- [Data excerpt]:
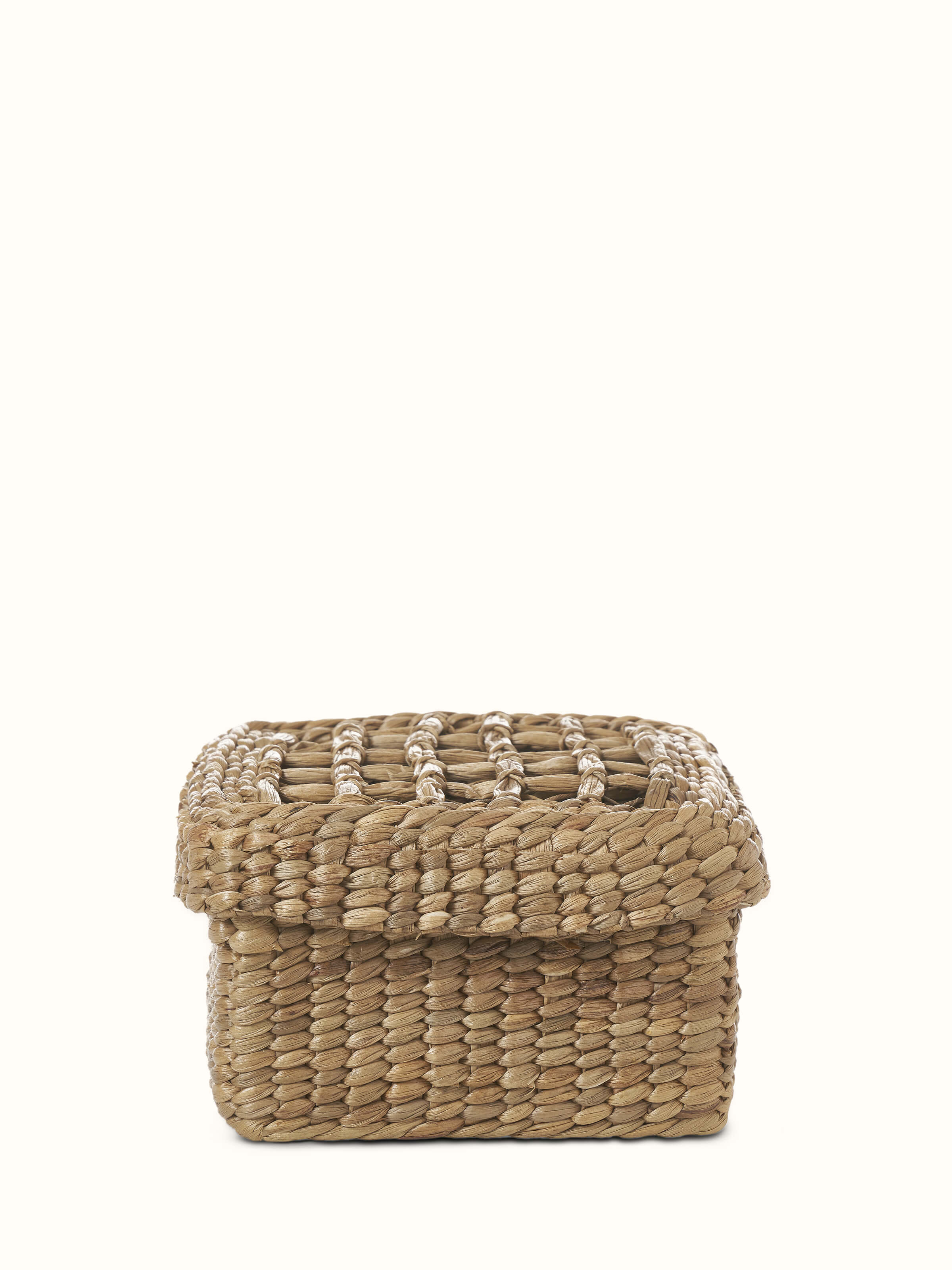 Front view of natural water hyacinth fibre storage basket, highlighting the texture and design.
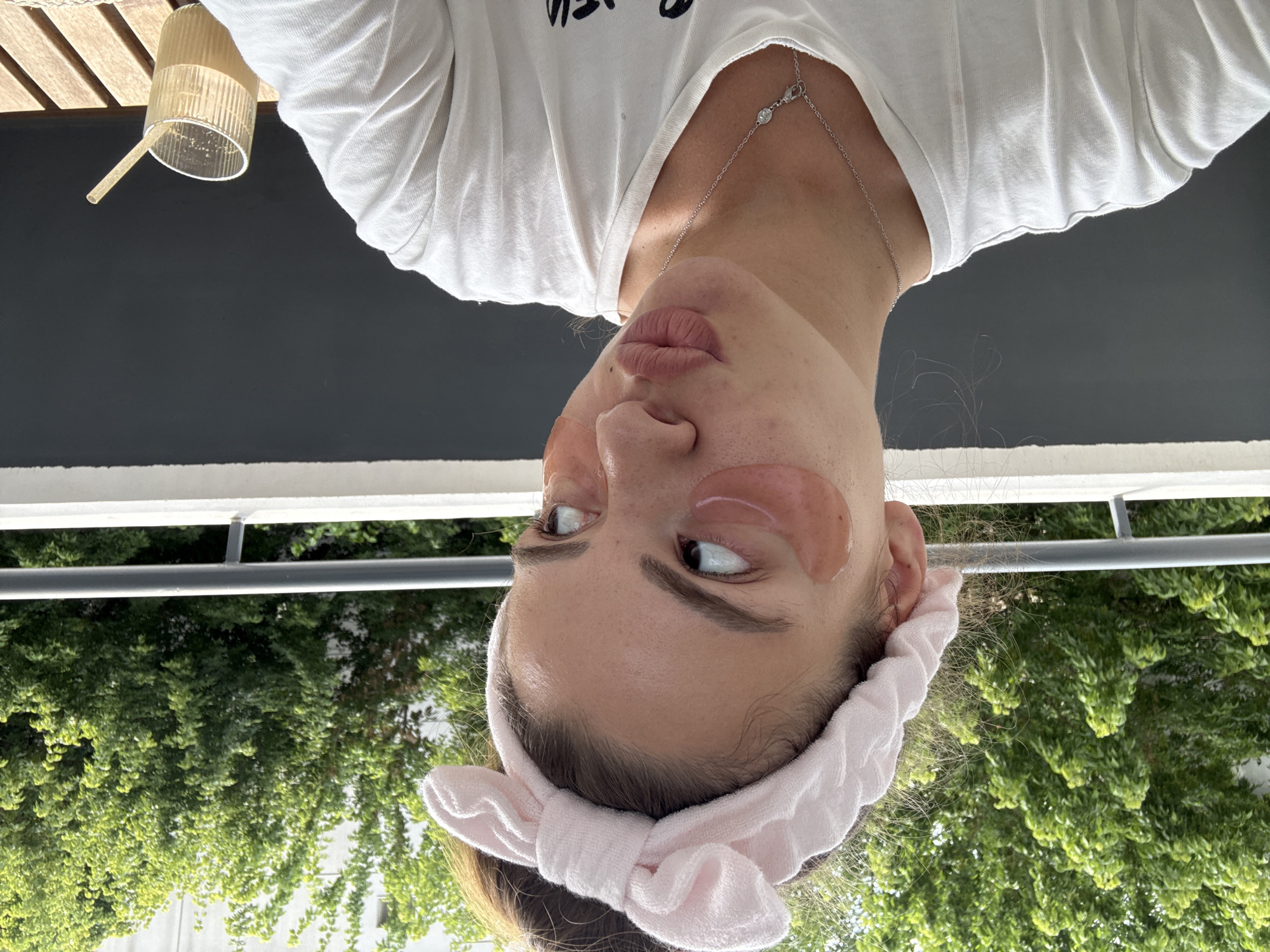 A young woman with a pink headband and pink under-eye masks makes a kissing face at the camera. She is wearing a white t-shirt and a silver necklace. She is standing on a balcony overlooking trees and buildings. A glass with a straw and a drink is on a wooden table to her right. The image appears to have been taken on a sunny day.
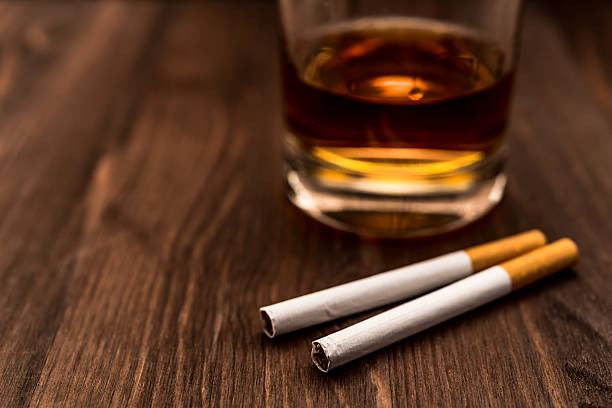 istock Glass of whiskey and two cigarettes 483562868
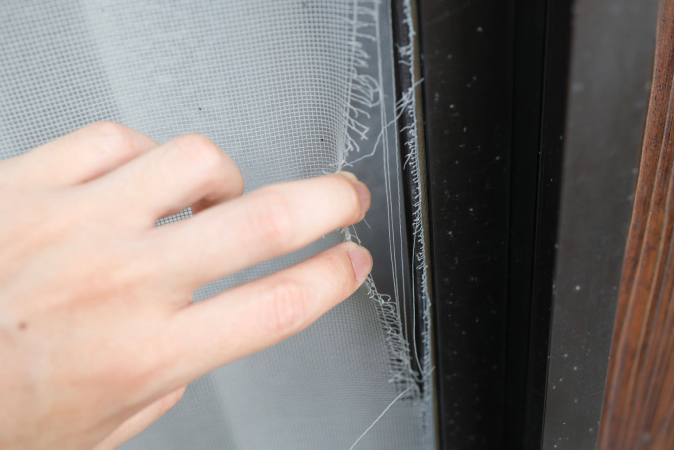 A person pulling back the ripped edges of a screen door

- [What this task involves]:
Before copying the data, remove the pictures. Then repeat the rest exactly.

- [The answer]:
 Front view of natural water hyacinth fibre storage basket, highlighting the texture and design.
 A young woman with a pink headband and pink under-eye masks makes a kissing face at the camera. She is wearing a white t-shirt and a silver necklace. She is standing on a balcony overlooking trees and buildings. A glass with a straw and a drink is on a wooden table to her right. The image appears to have been taken on a sunny day.
 istock Glass of whiskey and two cigarettes 483562868
 A person pulling back the ripped edges of a screen door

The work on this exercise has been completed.